Look at smaller and smaller and smaller details, and you will start to see them better and better. Walk with the paper on your eye for a minimum of forty minutes a day, and a maximum of a hundred minutes a day. At first, you may not be able to tolerate the paper for more than ten minutes at a time; do it just eight minutes at a time, and never strain. Always palm before you do it; sometimes palm in the middle of doing it; and often palm after you finish your walk. Look straight ahead while you walk.
Some people laughingly call this exercise “The Mask of Zorro.” So, walk with the Mask of Zorro and observe all the details you can see through it. You’re giving yourself a chance to wake up all the dormant cells in the center of your retina.

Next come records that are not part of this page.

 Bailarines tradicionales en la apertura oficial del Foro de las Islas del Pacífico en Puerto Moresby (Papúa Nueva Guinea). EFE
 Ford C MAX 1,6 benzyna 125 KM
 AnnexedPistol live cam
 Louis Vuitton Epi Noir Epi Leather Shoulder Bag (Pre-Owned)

One thing you need to remember is that memory is a powerful tool. Whatever you look at, as fuzzy as it may appear (due to the cells that were destroyed), if you close your eyes and remember it exactly how you saw it, when you open your eyes, it will be at least a tad clearer, and sometimes much more so.
After a few weeks of closing your eyes and remembering what you saw, close your eyes and remember contrast. So, if you look at white flowers versus green leaves, close your eyes and say, “The flowers are white, the leaves are green” and, in your mind, visualize the flowers to be an even brighter white and the leaves to be an even darker green. In addition, you could visualize greater sharpness of the different colors that you saw. You could look at the sky and say, “The sky is bright blue, and the clouds are white.” To create as much contrast as you could, close your eyes and say, “The ocean is blue, and the waves are white.” The imagery has to come with a sense of realistic colors.

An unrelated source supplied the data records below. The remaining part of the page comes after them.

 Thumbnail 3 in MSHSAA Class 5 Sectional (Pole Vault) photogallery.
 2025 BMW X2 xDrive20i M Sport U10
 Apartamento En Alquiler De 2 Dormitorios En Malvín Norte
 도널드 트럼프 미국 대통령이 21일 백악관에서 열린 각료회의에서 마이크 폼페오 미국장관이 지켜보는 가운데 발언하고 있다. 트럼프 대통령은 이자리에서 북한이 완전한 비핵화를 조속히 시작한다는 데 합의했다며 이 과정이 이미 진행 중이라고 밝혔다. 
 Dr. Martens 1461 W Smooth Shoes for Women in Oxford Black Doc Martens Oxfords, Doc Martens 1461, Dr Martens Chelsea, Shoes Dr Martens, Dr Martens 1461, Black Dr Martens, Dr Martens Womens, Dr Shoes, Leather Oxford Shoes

Then visualize larger objects. Visualize that the petals of a flower are large and distinct, even though they may look small or almost nonexistent with the poor vision you have. Visualize a greater amount of details than the amount of details that you saw with your eyes open.

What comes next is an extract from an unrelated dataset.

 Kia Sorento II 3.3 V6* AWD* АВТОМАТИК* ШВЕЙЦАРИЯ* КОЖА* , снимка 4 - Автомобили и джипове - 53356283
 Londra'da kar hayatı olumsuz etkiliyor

When you look with the area that is nearly blind, the most important thing is to look through it as if that’s all you can see with. Many people are very disturbed with the whole concept of looking with an area that is damaged. But that’s where healing begins: where you accept exactly the space that you are in. Nurturing your weakest area and feeling okay with it will strengthen every part of your life. You will take away the pressure on the rest of your visual system, and it will be easier for you to use your eyes. Parts of your brain that are no longer active, because of lack of stimuli from the exact blind spots, will start to work.